Your goal — Print the line containing "Background Thumbnail" and all lines after it to the end of the records below, exactly as written. No pictures.

#####

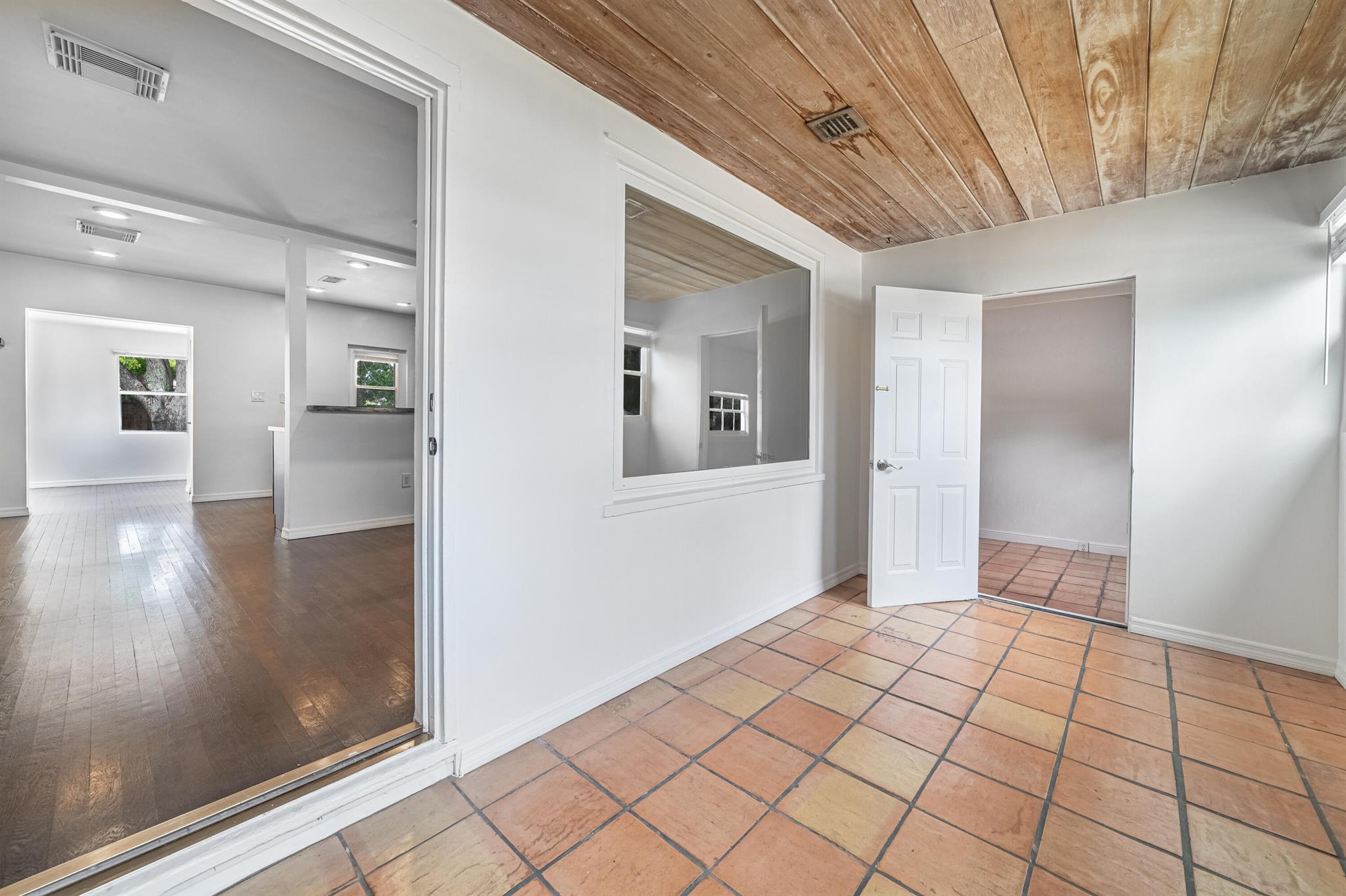 942 Sunset Road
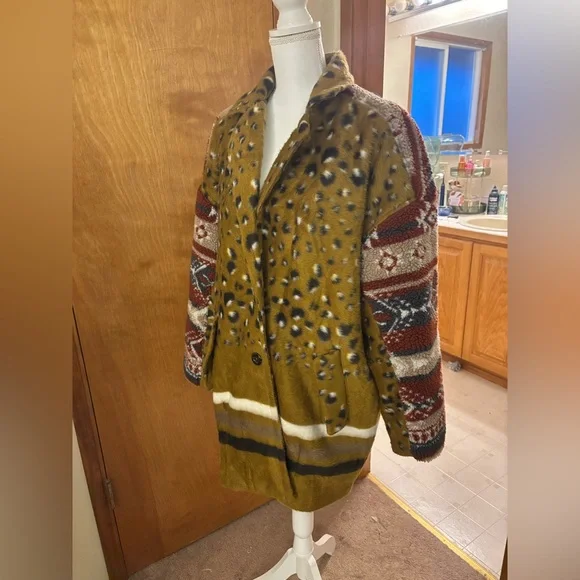 Anthropology Pilcro Aztec Leopard Print Faux Fur Jacket - Picture 4 of 14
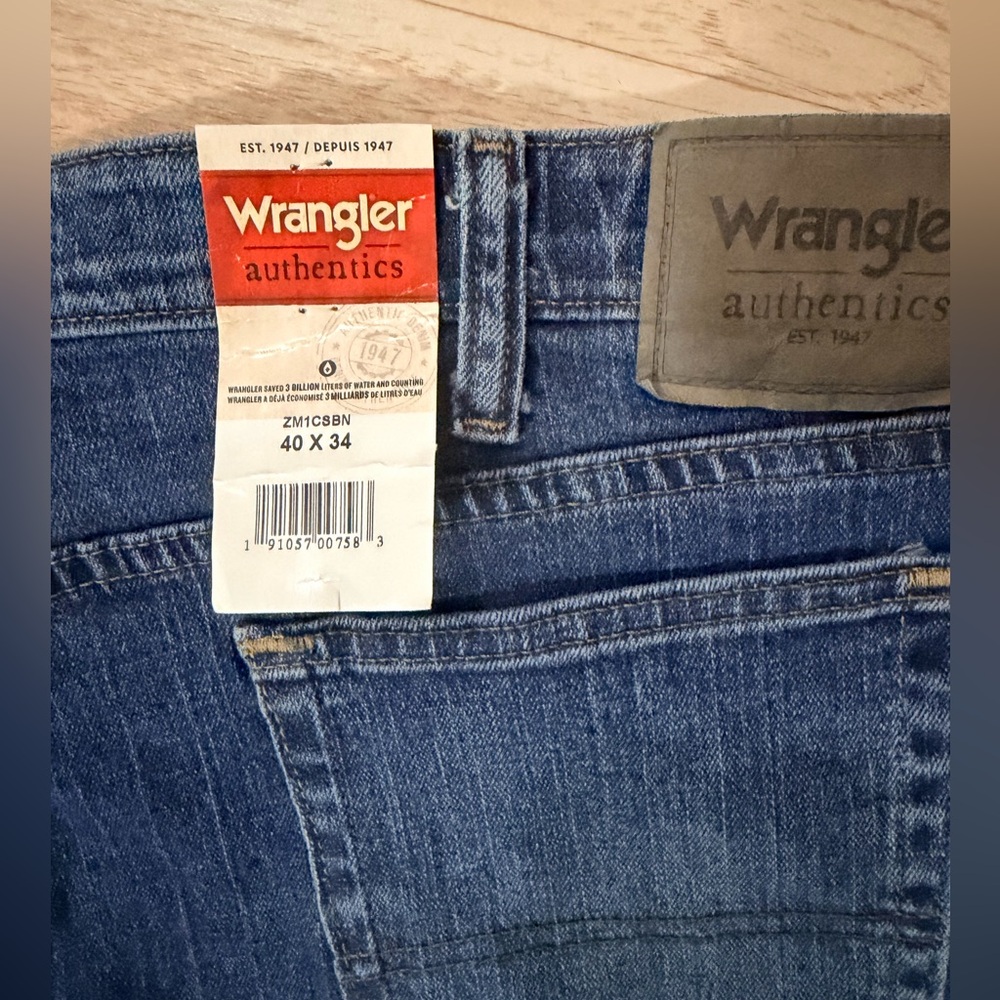 Wrangler Men’s Straight Leg Jeans - Medium Blue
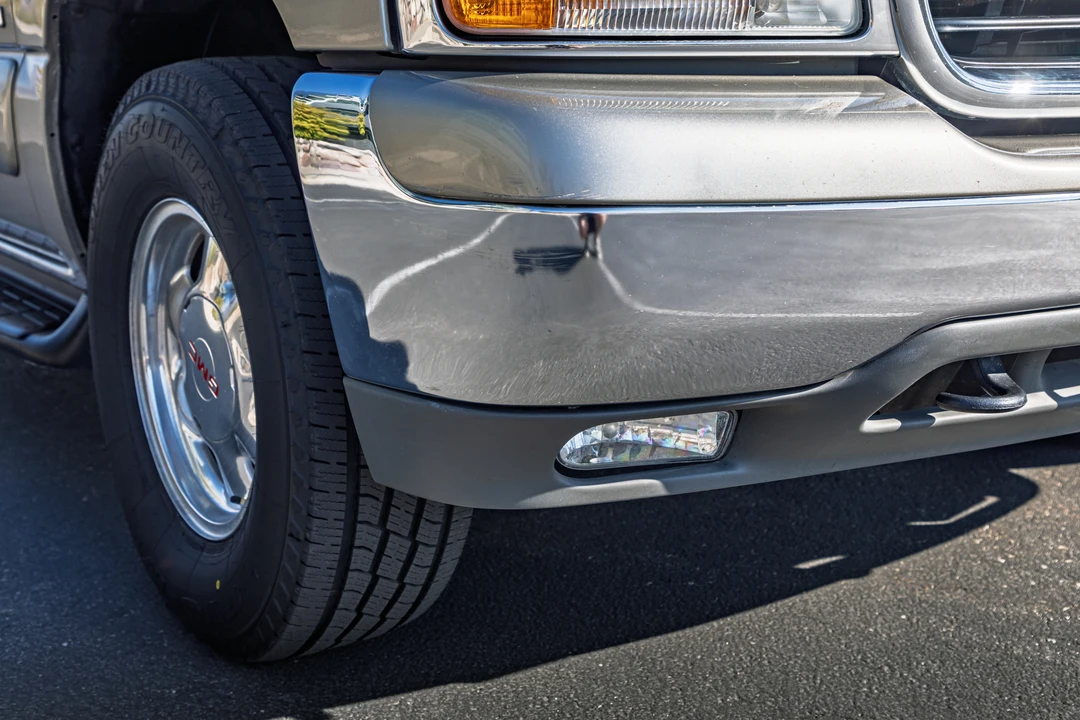 2001 GMC Yukon 2nd Gen - Image 16 of 31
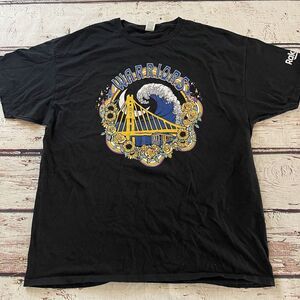 Dub Nation Golden States Warriors Full Building Giveaway Classic T-Shirt Size XL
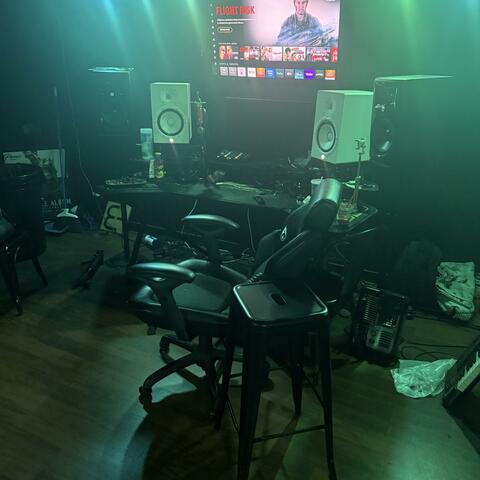 Background Thumbnail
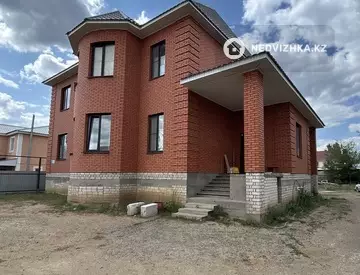 5-комнатный дом, 10 соток, 414 м²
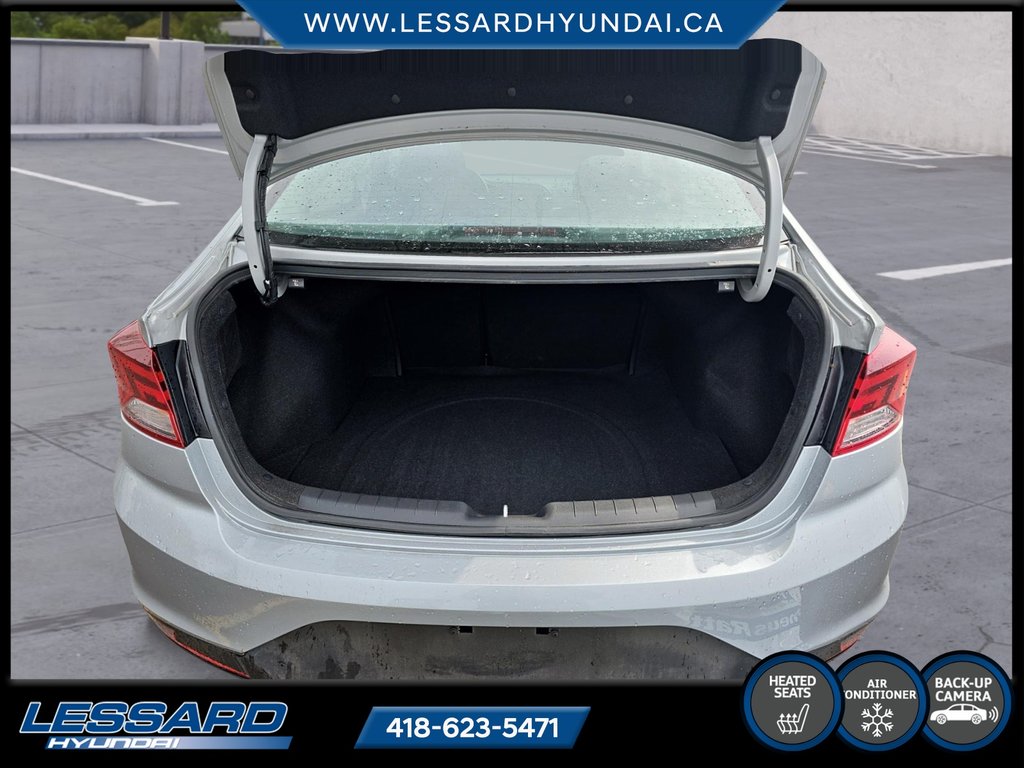 Hyundai Elantra Essential 2020 à Québec, Québec - 6 - w1024h768px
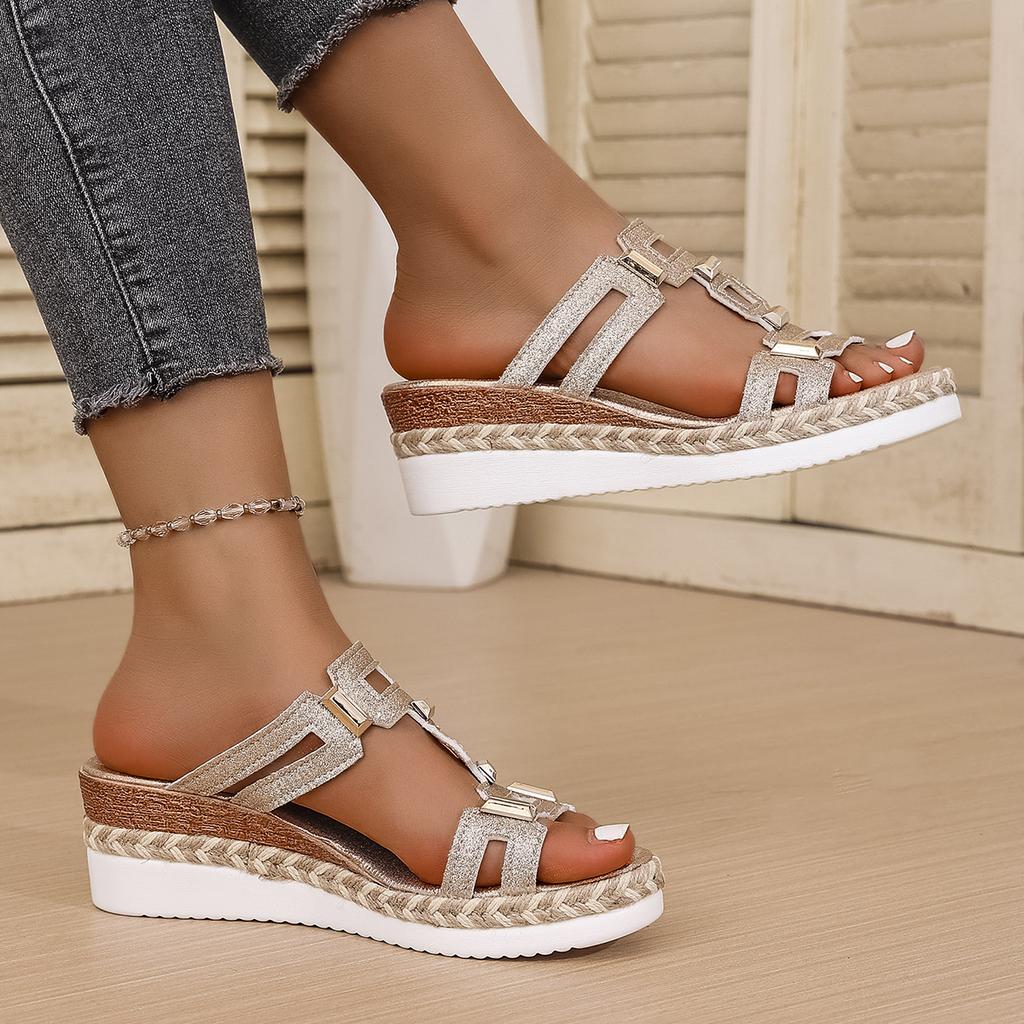 Fashion Women Sandals Lightweight Slip on Platform Slides Women Summer Casual Non Slip Beach Shoes Woman Plus Size Fashion Wedge Sandals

#####

Result —
 Background Thumbnail
 5-комнатный дом, 10 соток, 414 м²
 Hyundai Elantra Essential 2020 à Québec, Québec - 6 - w1024h768px
 Fashion Women Sandals Lightweight Slip on Platform Slides Women Summer Casual Non Slip Beach Shoes Woman Plus Size Fashion Wedge Sandals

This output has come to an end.